Exploring Multi-Agent Reinforcement Learning in Metadrive Simulation

Autonomous vehicle driving has always been one of the most significant field that AI could be applied on. This problem could be solved with making the agent learn gradually improve its policy with its exprience in the environment – Reinforcement Learning. One senario of this problem is that all vehicles are self-driven particles making this problem a multi-agent system. This project seeks to research MARL under this situation, explore the optimization of coordinated policy in this multi-agent environment.

Problem Statement
What is MARL?
Further investigate SDP environment setting
CoPO and other algoritms used for comparison
Environment setting up
MARL Environment Example
Model Training
Training results
Evaluation on the models
Visualization and Behavior investigation
Conclusion and possible improvements
Referenced papers

Problem Statement

In this quarter, the team will try to explore these feilds or solve these problems: -Setting up the Metadrive vehicle simulator, including muti-agent environment setting up -Successfully train RL models in the environment -Explore policy optimization -Coordinate agents’ behavior while maximizing individual reward -Experiment on different situations and improve safety and efficiency -Model Evaluation and Visualization The main steps and procedures will be coming from Metadrive github (https://github.com/metadriverse/metadrive) and Code for Coordinated Policy Optimization (https://github.com/decisionforce/CoPO). As a signle person project, the current goal of the project is to try to reproduce the results and explore the possible optimization to the model, rather than building a new model from scratch.

What is MARL?

Multi-Agent Reinforcement Learning is a subfield of reinforcement learning. Unlike original reinforcement learning which usually concerns about a signle agent, MARL forcus on the interaction of multible agent under the same environment. Each agent is motivated by its own interest and action to advance it. In some environment, the relationship could also be competitive. Genrally MARL could be broken into 3 settings. -Pure competitive: agents’ rewards are opposite to each other -Pure cooperation: agents’ reward are shared or the same -Mixed-sum: a mix of the above, agents seperated into groups However, in our Metadrive setting environment, it is not a pure cooperation setting. The Self-Driven Particles (SDP) are self-interested and the relationship between agents are constantly changing. And here competitive and cooperative actions are merged into the driving strategy and interaction between agents. Coordinated Policy Optimization is designed to solve this complicated SDP envirnment and demonstrate the relationship at both local and global level.

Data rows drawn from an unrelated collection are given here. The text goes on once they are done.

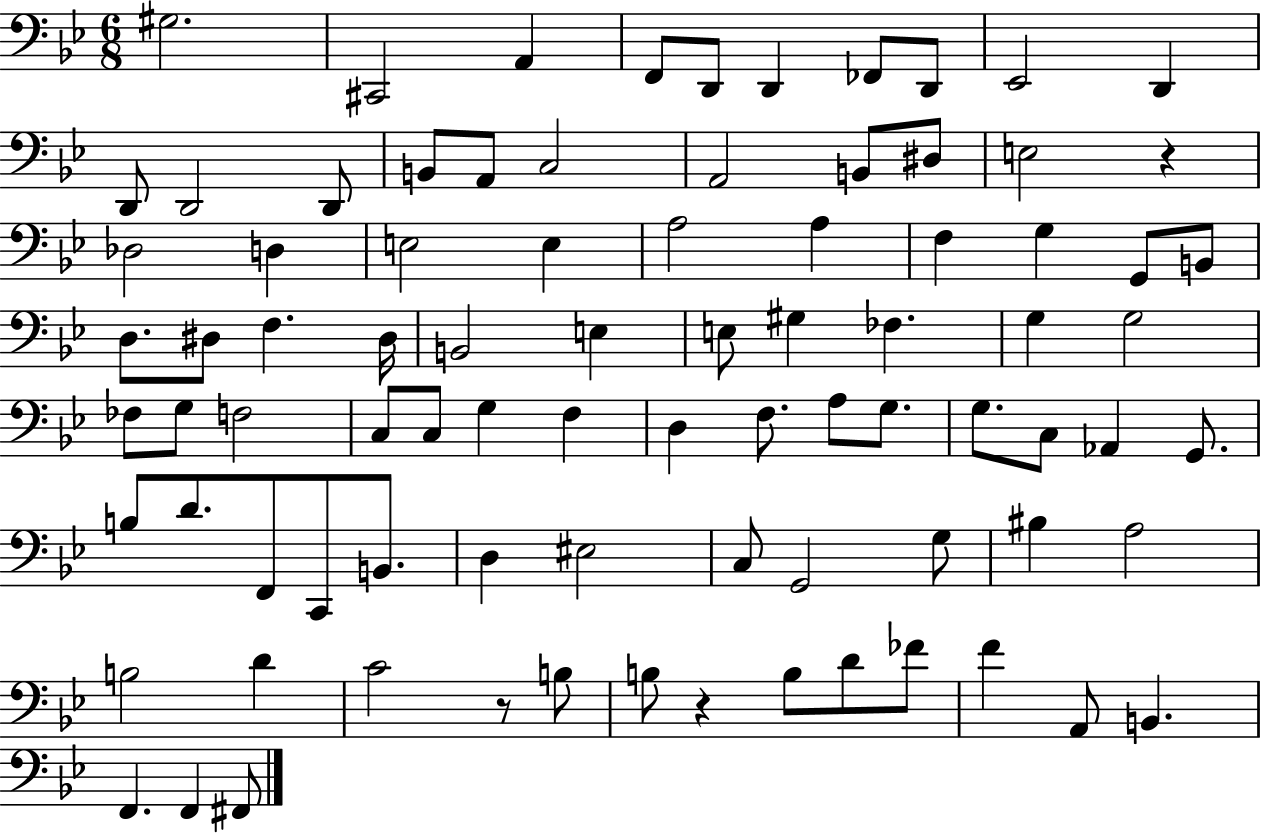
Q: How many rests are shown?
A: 3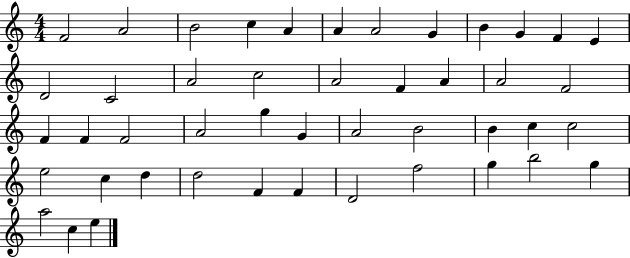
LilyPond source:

{
  \clef treble
  \numericTimeSignature
  \time 4/4
  \key c \major
  f'2 a'2 | b'2 c''4 a'4 | a'4 a'2 g'4 | b'4 g'4 f'4 e'4 | \break d'2 c'2 | a'2 c''2 | a'2 f'4 a'4 | a'2 f'2 | \break f'4 f'4 f'2 | a'2 g''4 g'4 | a'2 b'2 | b'4 c''4 c''2 | \break e''2 c''4 d''4 | d''2 f'4 f'4 | d'2 f''2 | g''4 b''2 g''4 | \break a''2 c''4 e''4 | \bar "|."
}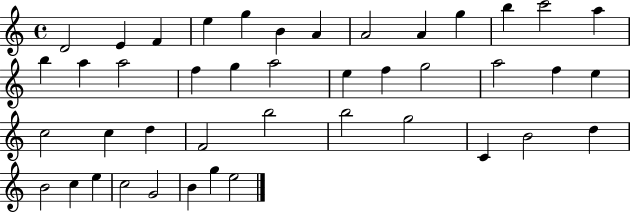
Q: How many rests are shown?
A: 0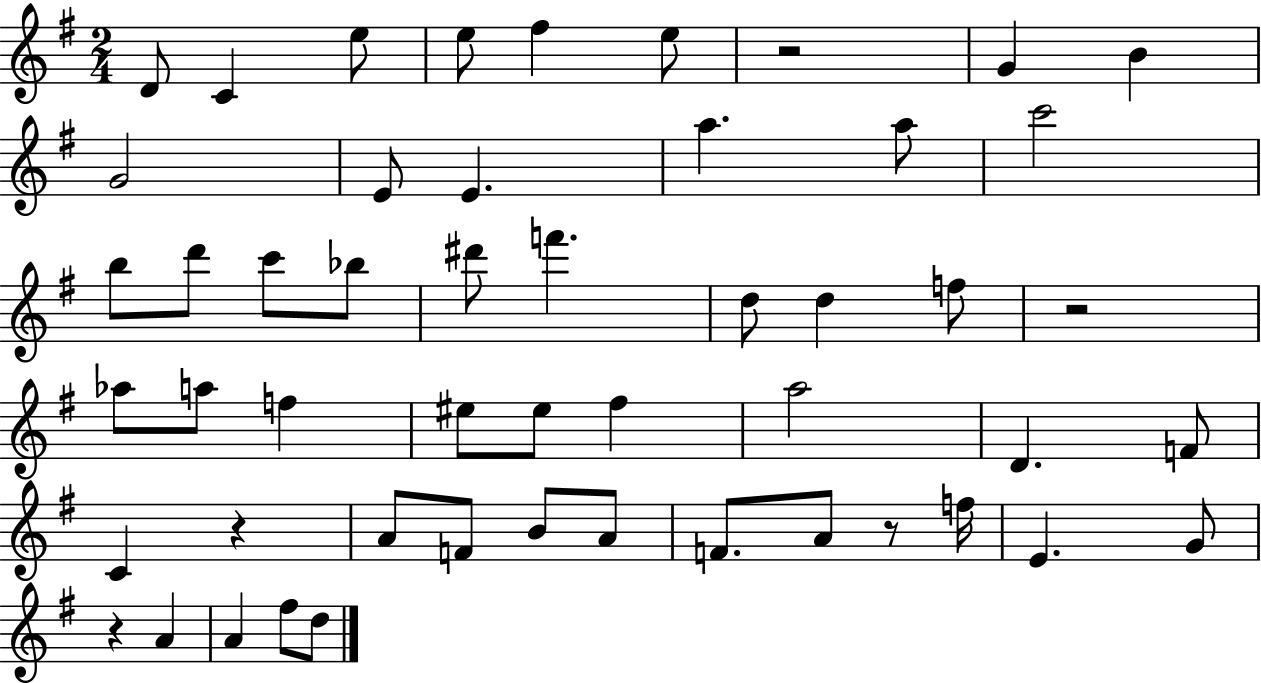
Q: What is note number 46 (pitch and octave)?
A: D5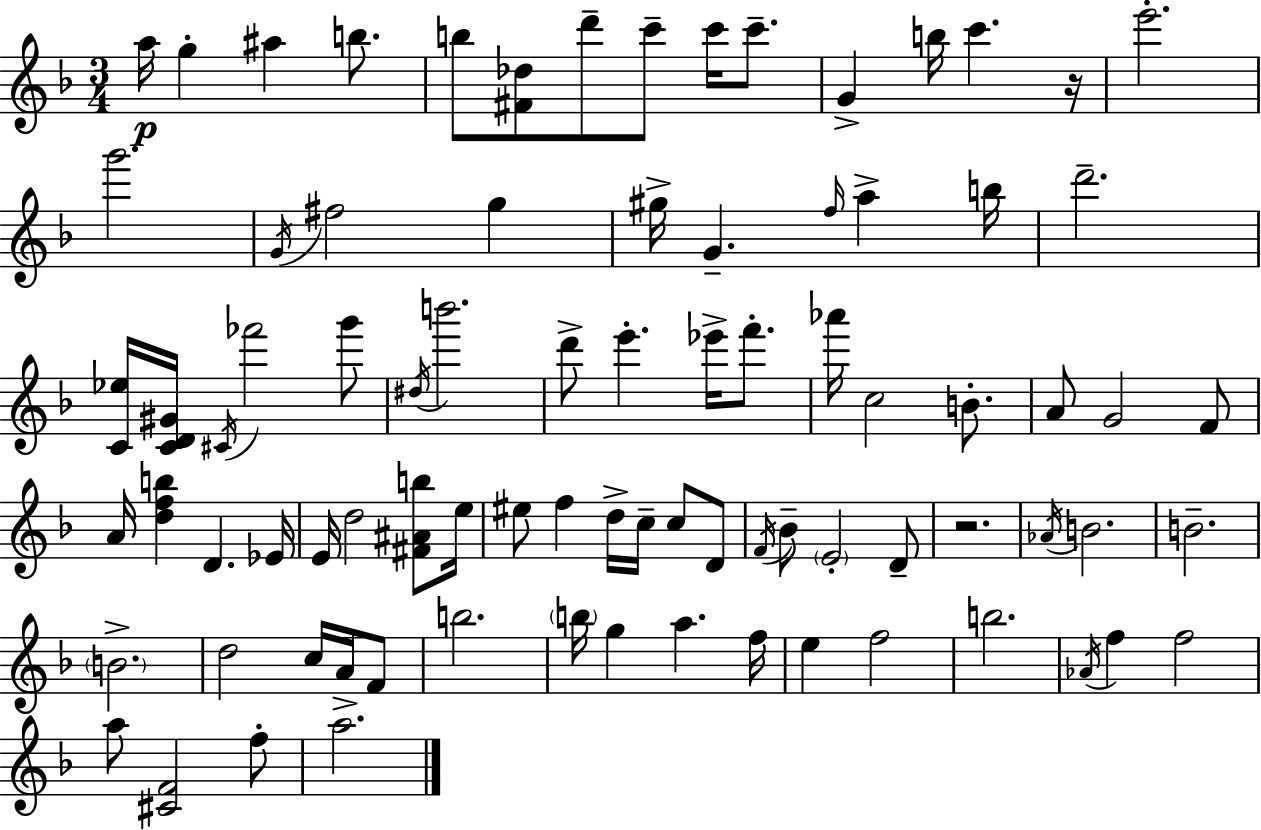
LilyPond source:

{
  \clef treble
  \numericTimeSignature
  \time 3/4
  \key f \major
  a''16\p g''4-. ais''4 b''8. | b''8 <fis' des''>8 d'''8-- c'''8-- c'''16 c'''8.-- | g'4-> b''16 c'''4. r16 | e'''2.-. | \break g'''2. | \acciaccatura { g'16 } fis''2 g''4 | gis''16-> g'4.-- \grace { f''16 } a''4-> | b''16 d'''2.-- | \break <c' ees''>16 <c' d' gis'>16 \acciaccatura { cis'16 } fes'''2 | g'''8 \acciaccatura { dis''16 } b'''2. | d'''8-> e'''4.-. | ees'''16-> f'''8.-. aes'''16 c''2 | \break b'8.-. a'8 g'2 | f'8 a'16 <d'' f'' b''>4 d'4. | ees'16 e'16 d''2 | <fis' ais' b''>8 e''16 eis''8 f''4 d''16-> c''16-- | \break c''8 d'8 \acciaccatura { f'16 } bes'8-- \parenthesize e'2-. | d'8-- r2. | \acciaccatura { aes'16 } b'2. | b'2.-- | \break \parenthesize b'2.-> | d''2 | c''16 a'16-> f'8 b''2. | \parenthesize b''16 g''4 a''4. | \break f''16 e''4 f''2 | b''2. | \acciaccatura { aes'16 } f''4 f''2 | a''8 <cis' f'>2 | \break f''8-. a''2. | \bar "|."
}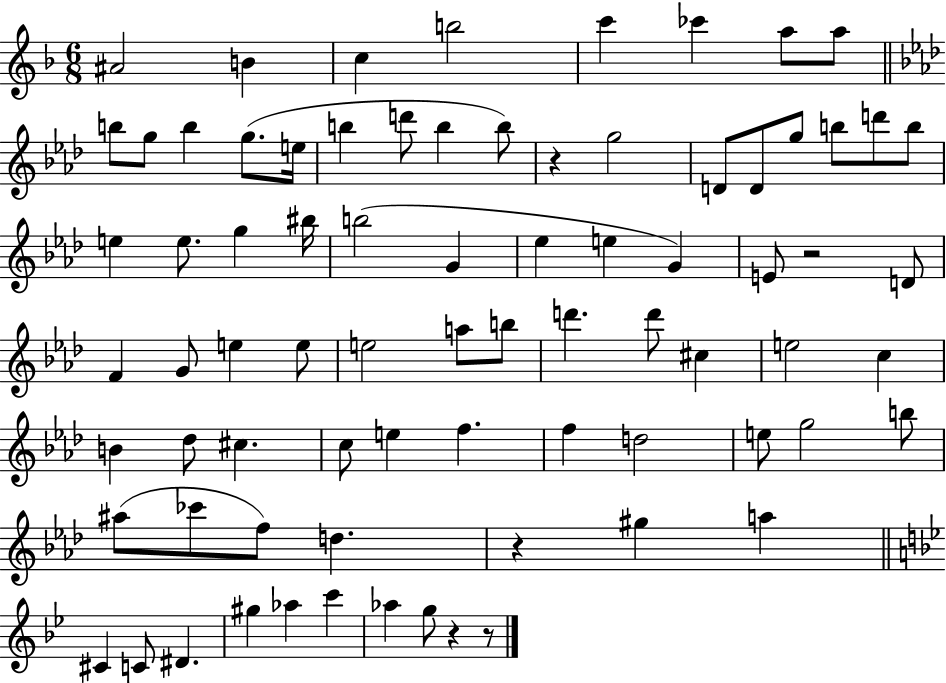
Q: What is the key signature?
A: F major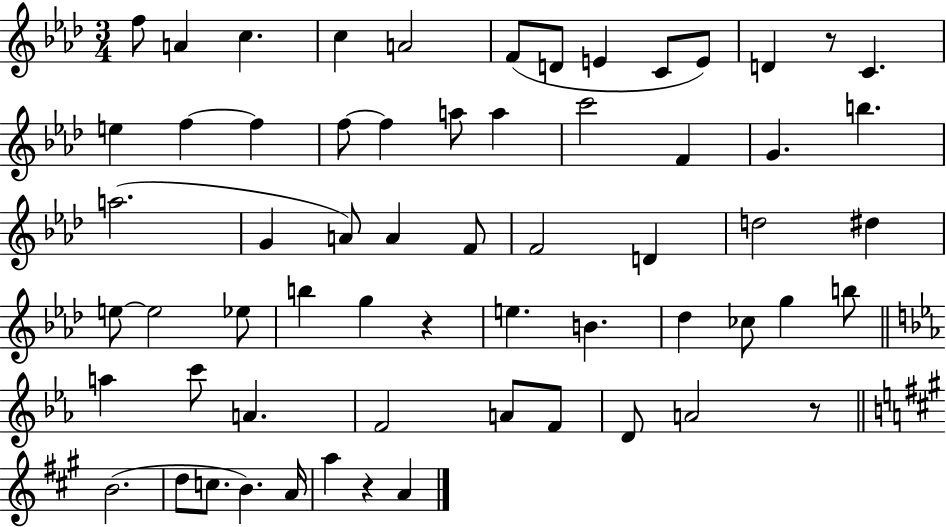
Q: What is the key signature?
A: AES major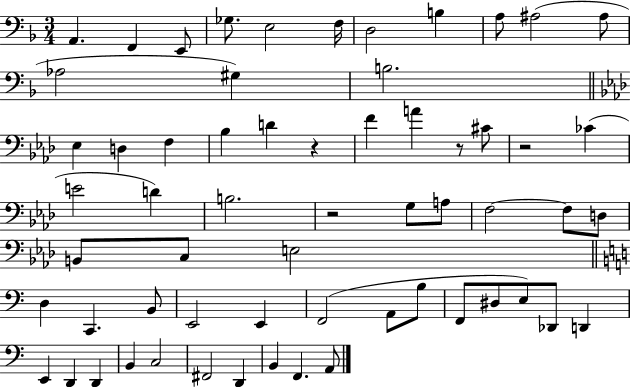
{
  \clef bass
  \numericTimeSignature
  \time 3/4
  \key f \major
  a,4. f,4 e,8 | ges8. e2 f16 | d2 b4 | a8 ais2( ais8 | \break aes2 gis4) | b2. | \bar "||" \break \key f \minor ees4 d4 f4 | bes4 d'4 r4 | f'4 a'4 r8 cis'8 | r2 ces'4( | \break e'2 d'4) | b2. | r2 g8 a8 | f2~~ f8 d8 | \break b,8 c8 e2 | \bar "||" \break \key c \major d4 c,4. b,8 | e,2 e,4 | f,2( a,8 b8 | f,8 dis8 e8) des,8 d,4 | \break e,4 d,4 d,4 | b,4 c2 | fis,2 d,4 | b,4 f,4. a,8 | \break \bar "|."
}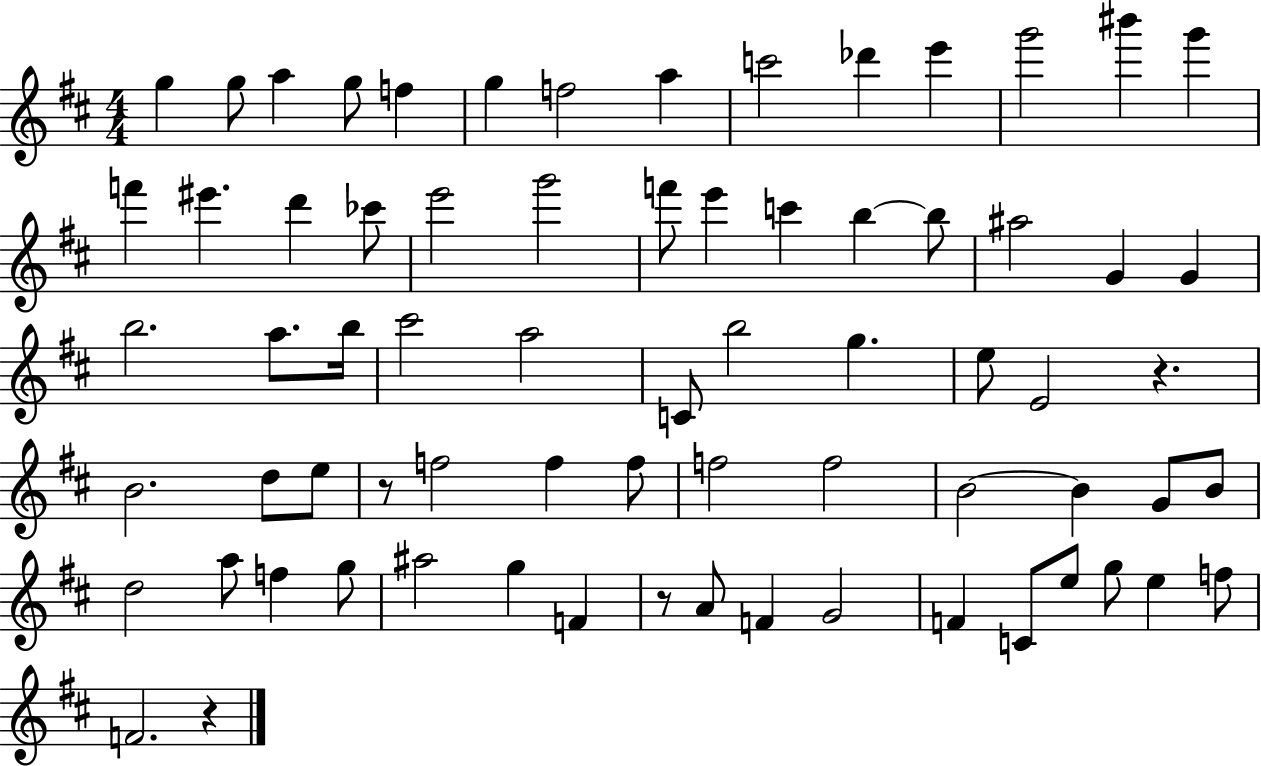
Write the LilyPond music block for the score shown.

{
  \clef treble
  \numericTimeSignature
  \time 4/4
  \key d \major
  g''4 g''8 a''4 g''8 f''4 | g''4 f''2 a''4 | c'''2 des'''4 e'''4 | g'''2 bis'''4 g'''4 | \break f'''4 eis'''4. d'''4 ces'''8 | e'''2 g'''2 | f'''8 e'''4 c'''4 b''4~~ b''8 | ais''2 g'4 g'4 | \break b''2. a''8. b''16 | cis'''2 a''2 | c'8 b''2 g''4. | e''8 e'2 r4. | \break b'2. d''8 e''8 | r8 f''2 f''4 f''8 | f''2 f''2 | b'2~~ b'4 g'8 b'8 | \break d''2 a''8 f''4 g''8 | ais''2 g''4 f'4 | r8 a'8 f'4 g'2 | f'4 c'8 e''8 g''8 e''4 f''8 | \break f'2. r4 | \bar "|."
}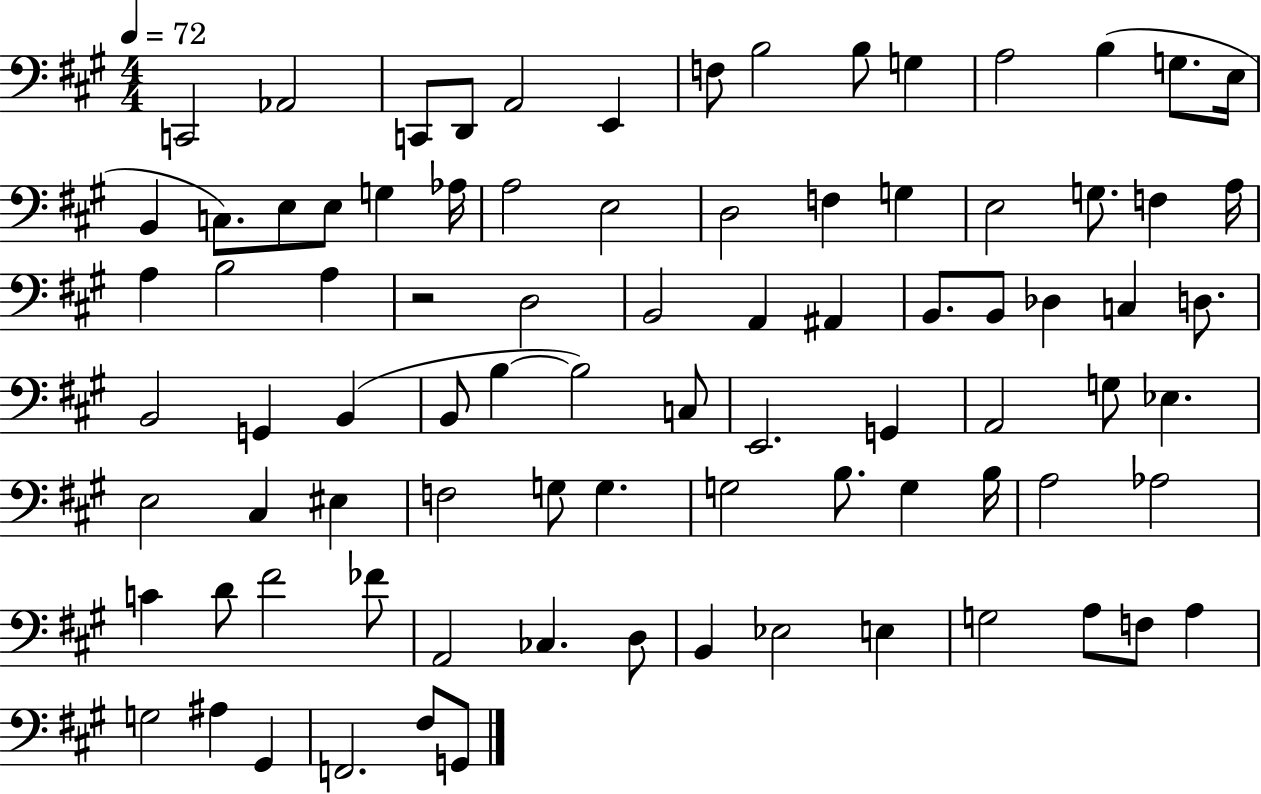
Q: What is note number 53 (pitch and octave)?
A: Eb3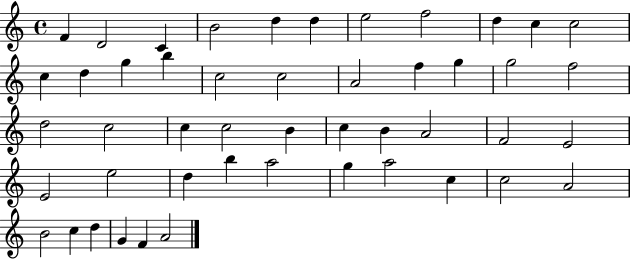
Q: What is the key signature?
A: C major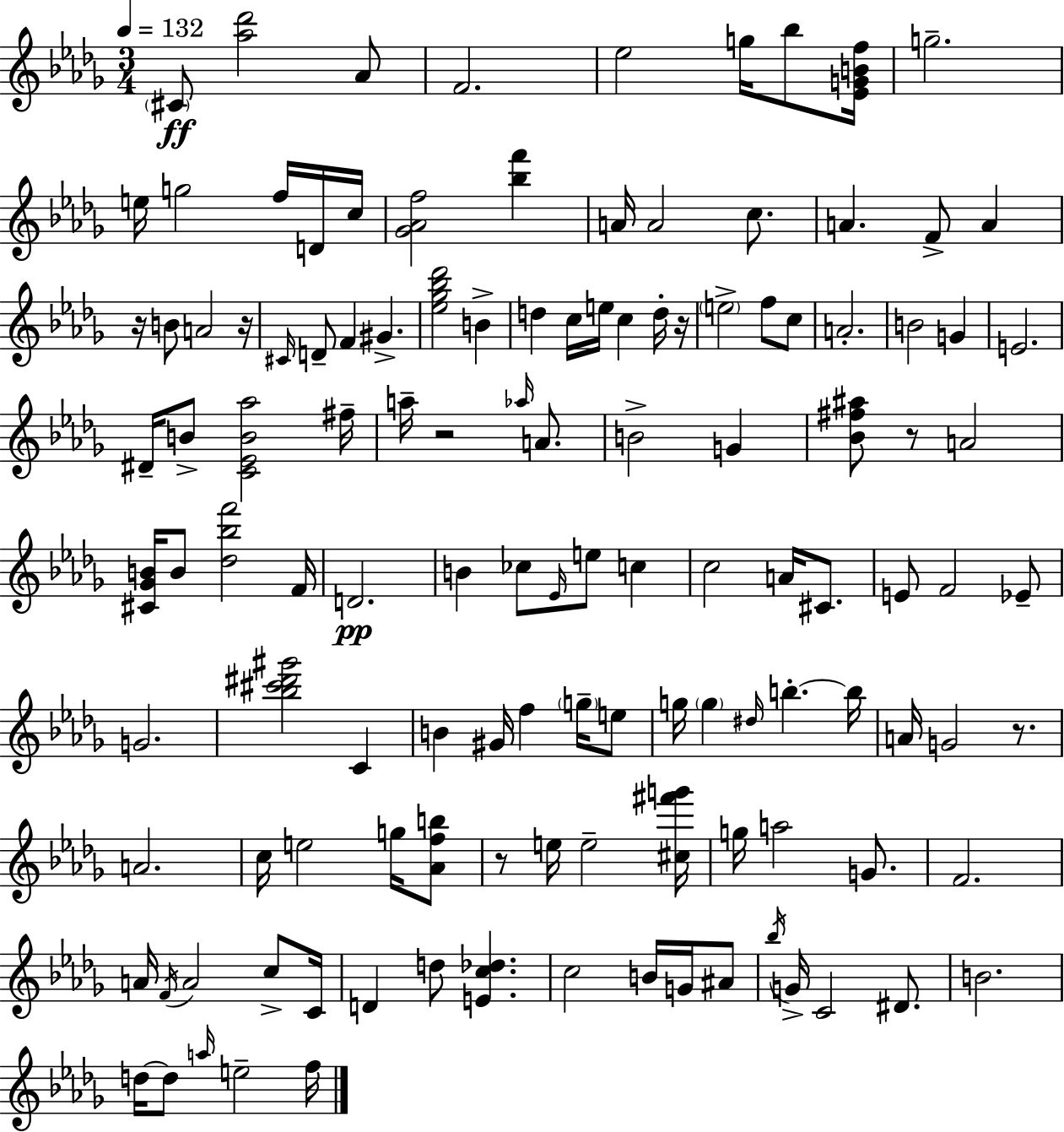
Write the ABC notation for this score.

X:1
T:Untitled
M:3/4
L:1/4
K:Bbm
^C/2 [_a_d']2 _A/2 F2 _e2 g/4 _b/2 [_EGBf]/4 g2 e/4 g2 f/4 D/4 c/4 [_G_Af]2 [_bf'] A/4 A2 c/2 A F/2 A z/4 B/2 A2 z/4 ^C/4 D/2 F ^G [_e_g_b_d']2 B d c/4 e/4 c d/4 z/4 e2 f/2 c/2 A2 B2 G E2 ^D/4 B/2 [C_EB_a]2 ^f/4 a/4 z2 _a/4 A/2 B2 G [_B^f^a]/2 z/2 A2 [^C_GB]/4 B/2 [_d_bf']2 F/4 D2 B _c/2 _E/4 e/2 c c2 A/4 ^C/2 E/2 F2 _E/2 G2 [_b^c'^d'^g']2 C B ^G/4 f g/4 e/2 g/4 g ^d/4 b b/4 A/4 G2 z/2 A2 c/4 e2 g/4 [_Afb]/2 z/2 e/4 e2 [^c^f'g']/4 g/4 a2 G/2 F2 A/4 F/4 A2 c/2 C/4 D d/2 [Ec_d] c2 B/4 G/4 ^A/2 _b/4 G/4 C2 ^D/2 B2 d/4 d/2 a/4 e2 f/4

Further investigate SDP environment setting

The SDP system is a complex system. As mentioned above, the system is not fully cooperative or competitive or mixed as other MARL environments. Each agents has individual, while simply maximize it will lead to sub-optimal results, sometimes making the agents overly agressive and causing congestions. On the countary,if we deploy global reward as objective, agents may sacrifice itself for higher global reward. And that is not we want to achieve in this environment. If we want to build a better model, we need to reach a balance between these two measures, meaning we need to both consider local reward while also taking the global reward as a input. And that is what CoPO tries to achieve here.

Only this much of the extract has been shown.